DC and WB have tried to introduce multiple huge characters from the DC canon in one film. You could easily do an origin film for each of those characters at full feature length and still not have covered everything – yet DC tried to shoehorn all of this into one film. The result is what we’re given, a mess of plots, characters and ideas all painted up with this edgy style that’s totally out of touch with anyone – and is somewhat offensive to actually tattoo’d people who don’t really enjoy being seen as villains just for having tattoos.  Clearly a design choice made by a conservative.

This idea of mashing all the characters you need to introduce into one film doesn’t really work out very well and smacks of DC trying to copy what Guardians of The Galaxy managed to achieve, they even threw in the feel good pop song soundtrack. This might have worked with Marvel’s goofy random rogues teaming up to save the Galaxy in the MCU, but it doesn’t really work DC’s Suicide Squad at all. DC is known for its heavy emphasis on psychology and characters, if you want a really deep, philosophical and psychological story, DC is where you go.

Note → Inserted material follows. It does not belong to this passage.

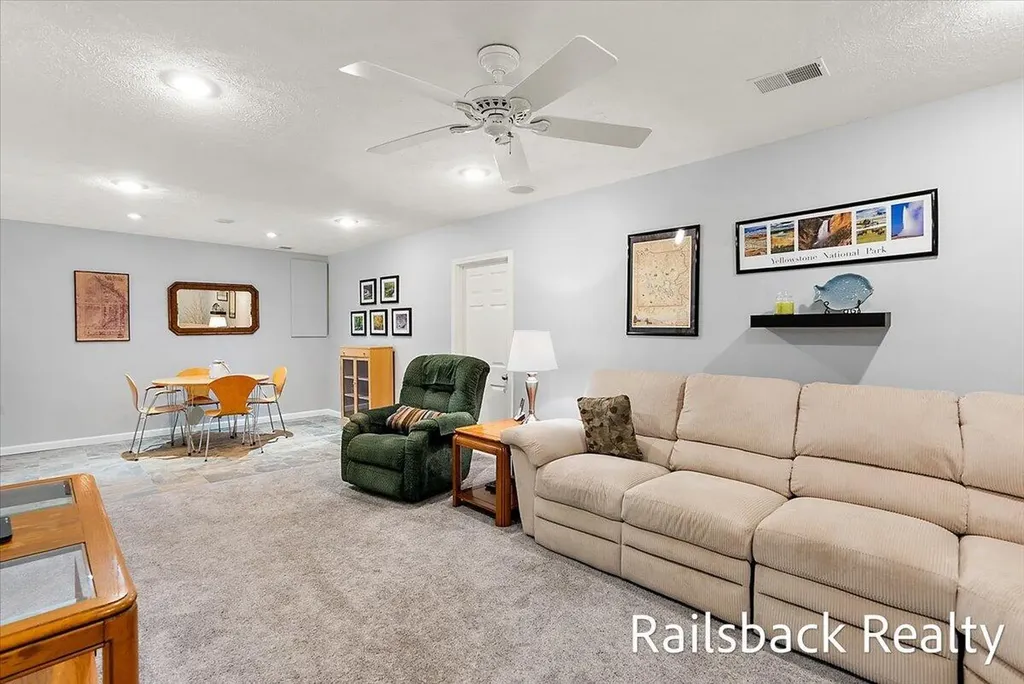 6584 Wahlfield Avenue NW Alpine Township MI 49321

For the more lighthearted and goofy kinda fun you go Marvel. This is a very basic rule of thumb and there are so many exceptions to this idea it doesn’t really stand up very well at all – but with the characters that DC chose for Suicide Squad, a lot of them are heavily dependent on this psychological idea. Heck, one of them is literally a psychologist.

This should’ve made it really obvious that these aren’t the kind of characters you can just throw together for a film without explaining who they are and how they got together. You can’t give each character the screentime they need to really explain any of this, without sacrificing time towards the set pieces and battle scenes. Which also weakens the film.

What we need from the DCEU is some real deep thought. We want to explore these characters on screen in more depth, and we need you to stop trying to water it down and follow Marvel’s path of success. You’re not Marvel, you never were Marvel, you’re DC and you have your own fans too, so pander to them and not the Marvel audience. Do your own thing, and focus on doing that thing really well, rather than trying to copy the success of Marvel by following their franchising footsteps.